In my dataframe, I have multiple columns with student grades. I want to sum the "Quiz" columns (e.g., Quiz1, Quiz2). However, I only want to sum the top 2 values, and ignore the others. I want to create a new column with the total (i.e., the sum of the top 2 values).

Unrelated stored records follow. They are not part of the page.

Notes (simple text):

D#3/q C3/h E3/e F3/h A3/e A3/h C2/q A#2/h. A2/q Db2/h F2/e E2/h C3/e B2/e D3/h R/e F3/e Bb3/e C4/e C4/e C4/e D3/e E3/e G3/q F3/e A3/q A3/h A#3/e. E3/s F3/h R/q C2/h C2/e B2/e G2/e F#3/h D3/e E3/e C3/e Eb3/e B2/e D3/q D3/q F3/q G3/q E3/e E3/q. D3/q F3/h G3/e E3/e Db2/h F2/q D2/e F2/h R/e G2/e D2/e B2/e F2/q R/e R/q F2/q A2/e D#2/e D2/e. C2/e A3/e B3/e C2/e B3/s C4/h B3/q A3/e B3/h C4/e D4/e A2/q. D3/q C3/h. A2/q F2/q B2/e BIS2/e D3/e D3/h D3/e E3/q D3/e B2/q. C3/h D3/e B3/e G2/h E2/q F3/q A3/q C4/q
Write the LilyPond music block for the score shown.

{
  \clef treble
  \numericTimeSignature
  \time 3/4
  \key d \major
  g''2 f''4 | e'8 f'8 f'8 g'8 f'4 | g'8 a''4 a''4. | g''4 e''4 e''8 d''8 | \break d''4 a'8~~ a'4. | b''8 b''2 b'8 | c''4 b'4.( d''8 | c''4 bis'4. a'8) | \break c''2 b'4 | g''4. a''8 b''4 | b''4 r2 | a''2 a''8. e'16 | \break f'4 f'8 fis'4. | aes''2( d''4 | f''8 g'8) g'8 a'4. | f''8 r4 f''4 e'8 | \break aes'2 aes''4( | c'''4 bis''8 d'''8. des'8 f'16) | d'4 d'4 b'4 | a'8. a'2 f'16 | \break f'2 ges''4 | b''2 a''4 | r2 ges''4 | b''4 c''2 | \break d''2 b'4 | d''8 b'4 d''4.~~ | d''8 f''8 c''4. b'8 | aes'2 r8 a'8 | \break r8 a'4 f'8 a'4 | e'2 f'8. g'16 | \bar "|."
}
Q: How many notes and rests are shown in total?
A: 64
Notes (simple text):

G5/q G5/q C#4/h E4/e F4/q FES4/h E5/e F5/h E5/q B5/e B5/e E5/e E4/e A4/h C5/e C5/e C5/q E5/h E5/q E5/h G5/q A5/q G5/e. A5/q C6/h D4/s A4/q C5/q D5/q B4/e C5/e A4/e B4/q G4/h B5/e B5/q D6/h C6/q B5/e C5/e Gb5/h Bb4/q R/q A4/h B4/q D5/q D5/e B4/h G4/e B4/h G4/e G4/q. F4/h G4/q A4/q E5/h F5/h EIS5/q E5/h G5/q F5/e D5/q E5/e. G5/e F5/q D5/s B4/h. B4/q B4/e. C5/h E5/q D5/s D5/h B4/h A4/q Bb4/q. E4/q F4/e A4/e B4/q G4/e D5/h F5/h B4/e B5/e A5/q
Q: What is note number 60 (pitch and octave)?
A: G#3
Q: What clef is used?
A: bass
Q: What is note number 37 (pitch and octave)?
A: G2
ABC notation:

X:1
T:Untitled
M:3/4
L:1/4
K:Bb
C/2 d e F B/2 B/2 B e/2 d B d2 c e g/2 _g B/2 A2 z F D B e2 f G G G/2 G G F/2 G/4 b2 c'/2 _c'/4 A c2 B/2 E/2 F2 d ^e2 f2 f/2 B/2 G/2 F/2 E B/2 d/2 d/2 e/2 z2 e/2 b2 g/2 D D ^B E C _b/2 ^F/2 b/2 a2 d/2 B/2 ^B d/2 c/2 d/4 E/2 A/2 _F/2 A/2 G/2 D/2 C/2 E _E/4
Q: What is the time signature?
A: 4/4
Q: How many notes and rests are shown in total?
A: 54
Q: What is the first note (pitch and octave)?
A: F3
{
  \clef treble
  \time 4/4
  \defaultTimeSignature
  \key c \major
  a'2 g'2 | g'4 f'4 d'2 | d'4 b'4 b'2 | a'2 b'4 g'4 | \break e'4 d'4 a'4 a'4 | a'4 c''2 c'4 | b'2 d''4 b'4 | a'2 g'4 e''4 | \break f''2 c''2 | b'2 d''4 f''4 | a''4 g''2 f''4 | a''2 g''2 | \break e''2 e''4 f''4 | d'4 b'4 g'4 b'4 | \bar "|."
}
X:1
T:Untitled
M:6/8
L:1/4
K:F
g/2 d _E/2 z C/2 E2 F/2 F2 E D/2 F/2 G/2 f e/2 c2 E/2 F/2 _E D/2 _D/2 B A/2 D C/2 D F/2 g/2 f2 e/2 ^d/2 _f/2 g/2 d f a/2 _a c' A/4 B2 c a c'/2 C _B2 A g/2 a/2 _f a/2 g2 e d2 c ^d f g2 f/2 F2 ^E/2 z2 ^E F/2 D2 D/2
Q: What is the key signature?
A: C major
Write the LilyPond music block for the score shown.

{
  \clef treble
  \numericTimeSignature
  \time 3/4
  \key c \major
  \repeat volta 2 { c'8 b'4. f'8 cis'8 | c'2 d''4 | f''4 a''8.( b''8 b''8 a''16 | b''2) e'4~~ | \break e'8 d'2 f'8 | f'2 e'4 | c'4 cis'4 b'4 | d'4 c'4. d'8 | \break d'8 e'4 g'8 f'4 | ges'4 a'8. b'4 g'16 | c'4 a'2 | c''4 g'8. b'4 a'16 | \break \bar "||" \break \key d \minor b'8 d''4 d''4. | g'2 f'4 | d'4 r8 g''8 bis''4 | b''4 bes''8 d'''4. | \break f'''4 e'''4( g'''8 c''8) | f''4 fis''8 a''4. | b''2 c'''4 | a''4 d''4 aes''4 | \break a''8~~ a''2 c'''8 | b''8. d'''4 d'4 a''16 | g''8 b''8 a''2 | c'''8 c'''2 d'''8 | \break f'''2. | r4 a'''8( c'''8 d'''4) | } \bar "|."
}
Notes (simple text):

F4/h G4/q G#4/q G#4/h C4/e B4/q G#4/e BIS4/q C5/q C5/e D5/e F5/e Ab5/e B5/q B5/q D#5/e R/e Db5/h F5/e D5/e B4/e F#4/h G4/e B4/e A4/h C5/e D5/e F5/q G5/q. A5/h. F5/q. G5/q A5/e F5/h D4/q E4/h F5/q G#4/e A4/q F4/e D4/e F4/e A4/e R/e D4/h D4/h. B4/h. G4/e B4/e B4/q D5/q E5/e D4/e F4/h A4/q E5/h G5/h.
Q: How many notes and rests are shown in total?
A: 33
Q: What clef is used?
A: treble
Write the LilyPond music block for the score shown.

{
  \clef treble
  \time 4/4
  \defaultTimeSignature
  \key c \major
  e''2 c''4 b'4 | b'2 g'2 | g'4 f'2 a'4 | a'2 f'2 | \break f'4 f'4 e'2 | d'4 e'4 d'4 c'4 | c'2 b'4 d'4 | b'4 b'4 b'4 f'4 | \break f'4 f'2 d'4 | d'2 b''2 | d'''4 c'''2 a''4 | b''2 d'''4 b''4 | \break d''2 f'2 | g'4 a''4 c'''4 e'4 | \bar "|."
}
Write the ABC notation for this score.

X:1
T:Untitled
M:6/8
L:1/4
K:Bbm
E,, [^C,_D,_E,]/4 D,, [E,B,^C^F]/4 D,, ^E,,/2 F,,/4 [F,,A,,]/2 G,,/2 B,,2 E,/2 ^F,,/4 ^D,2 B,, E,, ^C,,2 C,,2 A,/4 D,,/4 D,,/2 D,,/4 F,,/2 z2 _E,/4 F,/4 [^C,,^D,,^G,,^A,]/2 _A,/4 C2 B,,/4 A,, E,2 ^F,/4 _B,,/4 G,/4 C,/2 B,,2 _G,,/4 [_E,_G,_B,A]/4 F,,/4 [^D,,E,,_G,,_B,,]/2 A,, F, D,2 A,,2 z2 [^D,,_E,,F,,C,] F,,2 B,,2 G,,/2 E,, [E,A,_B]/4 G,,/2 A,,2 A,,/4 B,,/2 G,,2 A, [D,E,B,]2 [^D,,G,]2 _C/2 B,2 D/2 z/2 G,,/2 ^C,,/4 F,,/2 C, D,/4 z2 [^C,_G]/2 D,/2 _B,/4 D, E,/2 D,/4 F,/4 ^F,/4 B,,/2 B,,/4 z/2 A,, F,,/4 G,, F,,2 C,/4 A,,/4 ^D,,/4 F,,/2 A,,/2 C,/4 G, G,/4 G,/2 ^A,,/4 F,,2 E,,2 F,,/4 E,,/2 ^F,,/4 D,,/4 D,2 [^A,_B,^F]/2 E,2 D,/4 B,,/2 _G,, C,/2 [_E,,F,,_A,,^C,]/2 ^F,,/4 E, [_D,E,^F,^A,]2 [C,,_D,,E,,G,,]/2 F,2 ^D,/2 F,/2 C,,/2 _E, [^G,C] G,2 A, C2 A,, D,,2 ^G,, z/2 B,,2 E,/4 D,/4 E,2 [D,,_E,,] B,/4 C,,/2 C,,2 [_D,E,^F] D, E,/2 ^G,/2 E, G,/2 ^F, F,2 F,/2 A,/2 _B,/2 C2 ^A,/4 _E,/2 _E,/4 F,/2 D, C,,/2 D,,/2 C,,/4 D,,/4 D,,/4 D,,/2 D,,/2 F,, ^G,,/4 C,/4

One issue is that some students have grades that tie for the top 2 grades in a given row. For example, Aaron has a high score of 42, but then there are two scores that tie for the second highest (i.e., 36).
df <-
Student = c("Aaron", "James", "Charlotte", "Katie", "Olivia",
"Timothy", "Grant", "Chloe", "Judy", "Justin"),
ID = c(30016, 87311, 61755, 55323, 94839, 38209, 34096,
98432, 19487, 94029),
Quiz1 = c(31, 25, 41, 10, 35, 19, 27, 42, 15, 20),
Quiz2 = c(42, 33, 34, 22, 23, 38, 48, 49, 23, 30),
Quiz3 = c(36, 36, 34, 32, 43, 38, 44, 42, 42, 37),
Quiz4 = c(36, 43, 39, 46, 40, 38, 43, 35, 41, 41)
row.names = c(NA, -10L),
class = c("tbl_df", "tbl", "data.frame")
I know that I can use pivot_longer to do this, which allows me to arrange by group, then take the top 2 values for each student. This works fine, but I would like a more efficient way with tidyverse, rather than having to pivot back and forth.
What I Tried
df %>%
pivot_longer(-c(Student, ID)) %>%
group_by(Student, ID) %>%
arrange(desc(value), .by_group = TRUE) %>%
slice_head(n = 2) %>%
pivot_wider(names_from = name, values_from = value) %>%
ungroup() %>%
mutate(Total = rowSums(select(., starts_with("Quiz")), na.rm = TRUE))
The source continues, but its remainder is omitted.